Mit der Kündigungsschutzklage lassen Sie gerichtlich feststellen, dass Ihre Kündigung unwirksam ist. In der Praxis ist sie zugleich der wichtigste Hebel, um eine faire Abfindung zu erreichen.
Was bringt die Kündigungsschutzklage?
Ziel der Klage ist die Feststellung, dass das Arbeitsverhältnis durch die Kündigung nicht aufgelöst wurde. Das Verfahren endet in der Praxis meist auf eine von zwei Arten:
- Weiterbeschäftigung: Die Kündigung ist unwirksam, Sie kehren an Ihren Arbeitsplatz zurück und erhalten den Lohn für die Zwischenzeit nach.
- Abfindungsvergleich: Beide Seiten einigen sich darauf, das Arbeitsverhältnis gegen Zahlung einer Abfindung zu beenden – der häufigste Ausgang.
Der Ablauf Schritt für Schritt
- Klageeinreichung beim Arbeitsgericht innerhalb der Drei-Wochen-Frist.
- Gütetermin: Bereits wenige Wochen später versucht das Gericht eine gütliche Einigung. Oft wird hier schon über eine Abfindung verhandelt.
- Kammertermin: Kommt keine Einigung zustande, folgt die streitige Verhandlung mit Beweisaufnahme und Urteil.
Was kostet die Kündigungsschutzklage?
Eine Besonderheit des Arbeitsrechts: In der ersten Instanz trägt jede Partei ihre eigenen Anwaltskosten selbst – unabhängig davon, wer gewinnt (§ 12a ArbGG). Es besteht also kein Kostenrisiko in Bezug auf die gegnerischen Anwaltskosten.
- Mit Rechtsschutzversicherung (Arbeitsrechtsschutz) sind Ihre Kosten in der Regel gedeckt – die Deckungsanfrage übernehme ich für Sie.
- Ohne Rechtsschutz richten sich meine Gebühren nach dem RVG; den Rahmen bespreche ich vorab transparent.
Häufige Fragen
Bekomme ich durch die Klage garantiert eine Abfindung?

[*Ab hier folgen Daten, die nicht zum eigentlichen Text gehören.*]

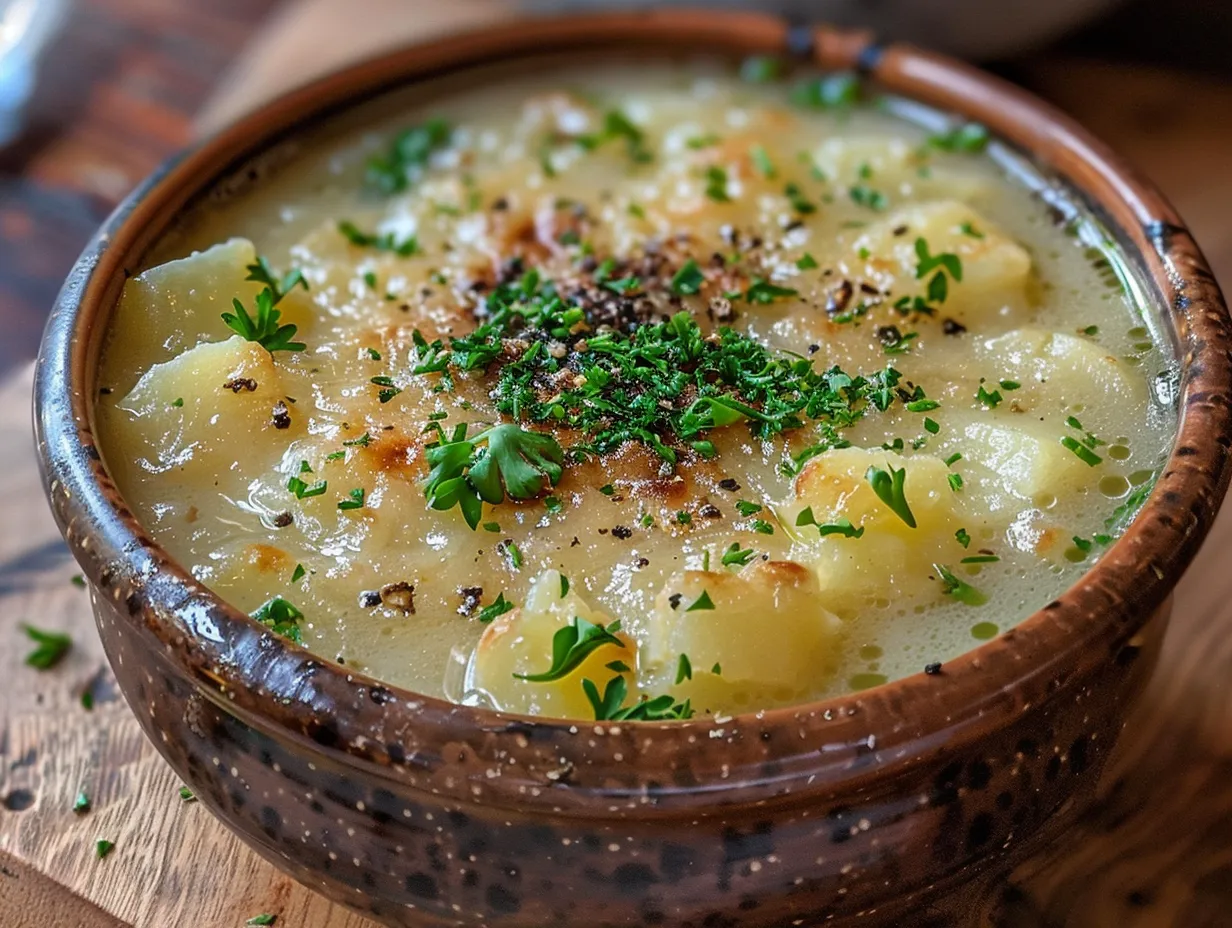 Bowl of hearty German Potato Soup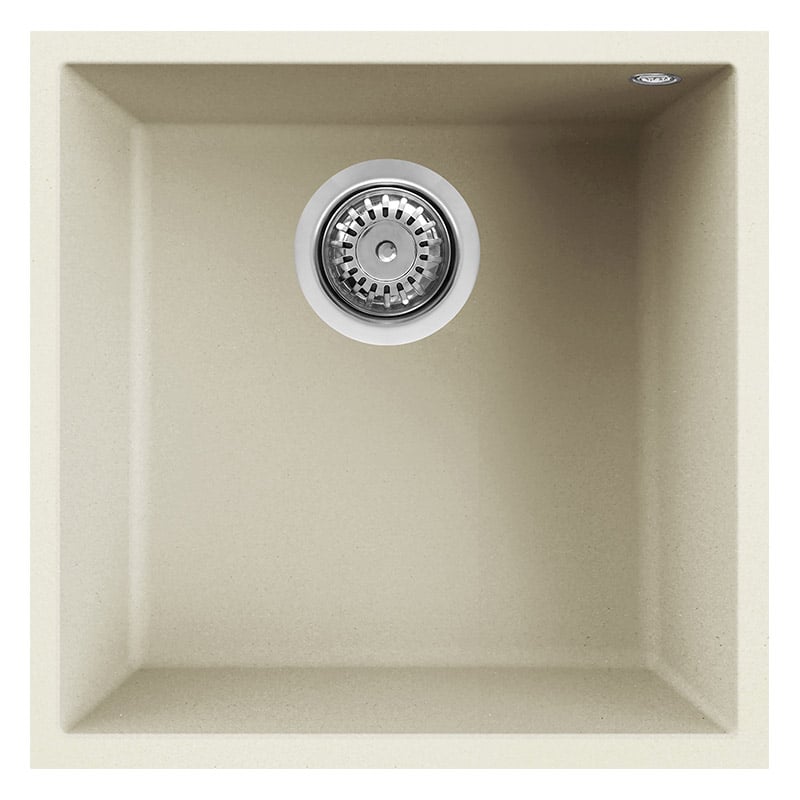foto del prodotto lavello elleci incasso 1 vasca 44x44 quadra 102 sottotop granitek bianco antico lgq10262bso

Einen gesetzlichen Anspruch auf Abfindung gibt es nicht automatisch. In der Praxis endet ein Großteil der Verfahren jedoch mit einem Abfindungsvergleich, weil auch der Arbeitgeber das Prozessrisiko und die Weiterbeschäftigung vermeiden möchte.
Wie lange dauert ein Kündigungsschutzverfahren?
Der Gütetermin findet meist innerhalb weniger Wochen statt; viele Verfahren sind damit bereits erledigt. Kommt es zum Kammertermin, kann sich das Verfahren über mehrere Monate ziehen.
Muss ich persönlich vor Gericht erscheinen?
Zum Gütetermin wird häufig persönliches Erscheinen angeordnet. Ich bereite Sie darauf vor und begleite Sie – Sie müssen nicht allein auftreten.